-- Provided records follows --

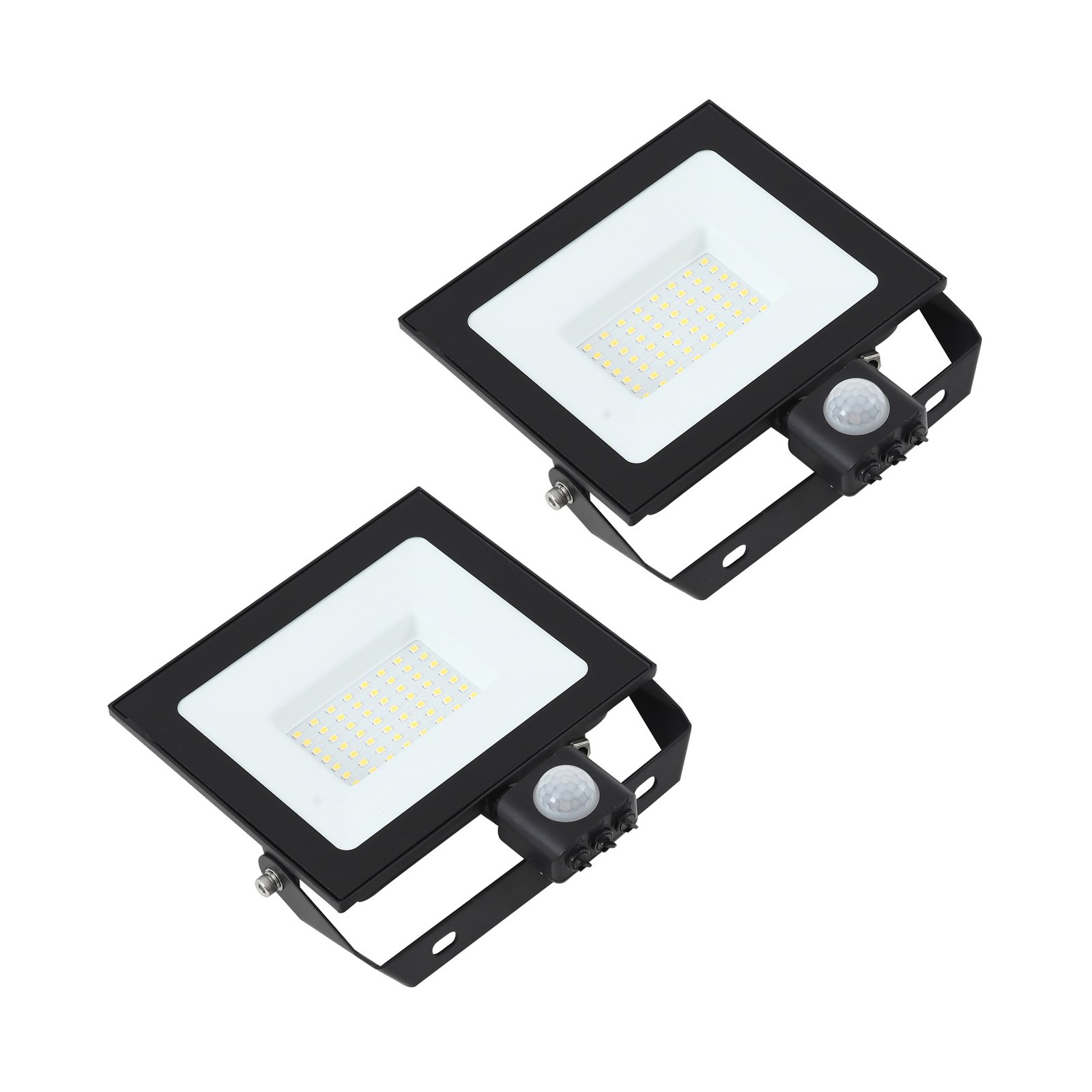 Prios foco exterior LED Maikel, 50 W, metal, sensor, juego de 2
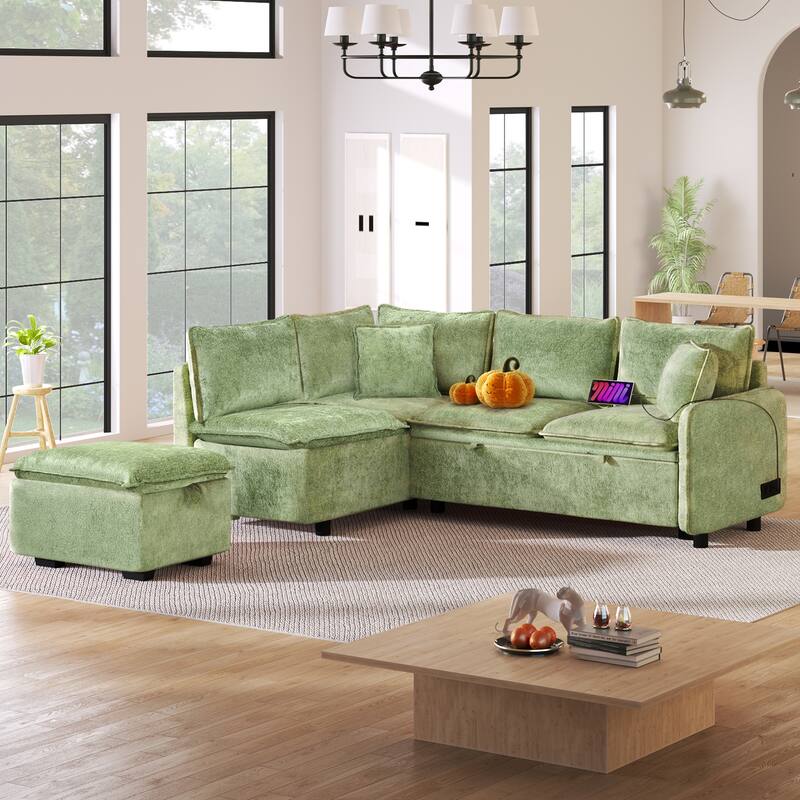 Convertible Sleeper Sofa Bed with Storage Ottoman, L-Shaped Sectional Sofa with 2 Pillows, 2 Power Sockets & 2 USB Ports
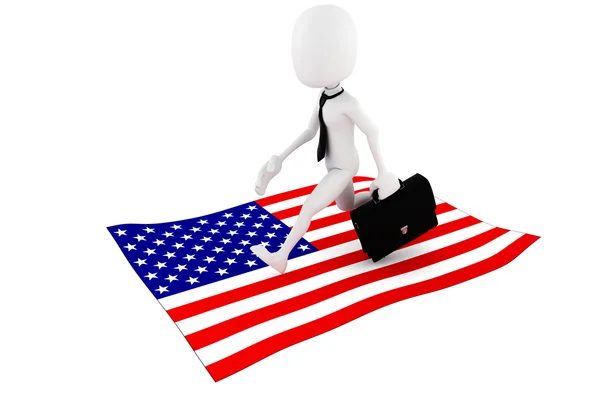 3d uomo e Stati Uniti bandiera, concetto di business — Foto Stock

-- Provided records concluded --
-- Provided records follows --

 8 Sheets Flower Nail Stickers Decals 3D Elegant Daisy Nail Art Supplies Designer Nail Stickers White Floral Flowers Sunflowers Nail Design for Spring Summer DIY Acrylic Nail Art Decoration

-- Provided records concluded --
-- Provided records follows --

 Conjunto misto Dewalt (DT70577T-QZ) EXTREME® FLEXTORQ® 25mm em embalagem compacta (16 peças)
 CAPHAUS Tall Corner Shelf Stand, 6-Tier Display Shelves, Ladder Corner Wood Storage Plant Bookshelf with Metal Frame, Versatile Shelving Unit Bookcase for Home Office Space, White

-- Provided records concluded --

▶ _Work to complete_
Beginning at the line above that contains "Convertible Sleeper Sofa" and going on through the line that contains "3d uomo e Stati", please copy every line exactly, leaving the pictures out and adding nothing.

▶ _Result of this task_
 Convertible Sleeper Sofa Bed with Storage Ottoman, L-Shaped Sectional Sofa with 2 Pillows, 2 Power Sockets & 2 USB Ports
 3d uomo e Stati Uniti bandiera, concetto di business — Foto Stock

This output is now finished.